There is no consensus on which children with CKD should have an echocardiographic evaluation and/or ABPM or on when these studies should be obtained. The current Kidney Disease Outcomes Quality Initiative (KDOQI) Clinical Practice Guidelines for Cardiovascular Disease in Dialysis Patients1 recommend that “children commencing dialysis should be evaluated for the presence of cardiac disease (cardiomyopathy and valvular disease) using echocardiography once the patient has achieved dry weight (ideally within 3 mo of the initiation of dialysis therapy).” Unfortunately, these guidelines do not provide recommendations for echocardiographic evaluation of children before dialysis.
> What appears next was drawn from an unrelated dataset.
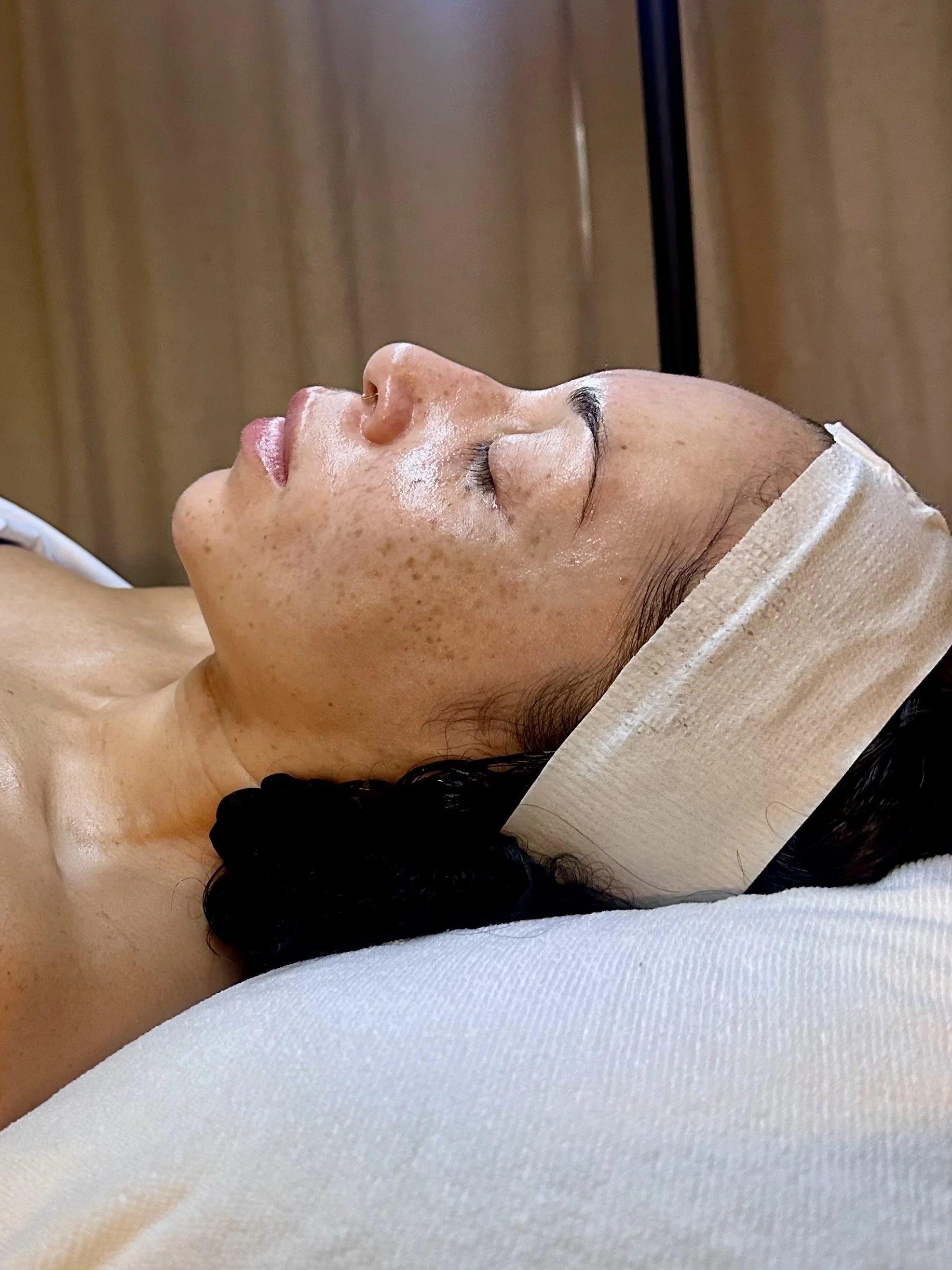 Woman lying down with eyes closed, wearing a headband, in a relaxing or spa setting with wooden background.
The fourth report on BP control in children26 recommends echocardiographic evaluation for the presence of LVH in children with comorbid conditions (diabetes and kidney disease) and casual BP between the 90th and 95th percentiles and in all children with casual BP >95th percentile. The recently published AHA statement on standard assessment of ABPM in children and adolescents recommends the use of ABPM in pediatric renal transplant recipients only; it does not discuss the use of ABPM or echocardiography in children before or during maintenance dialysis.24 KDOQI, the AHA statement on ABPM, and the fourth report on BP in children do not recommend the use of ABPM to identify children who are at risk for LVH.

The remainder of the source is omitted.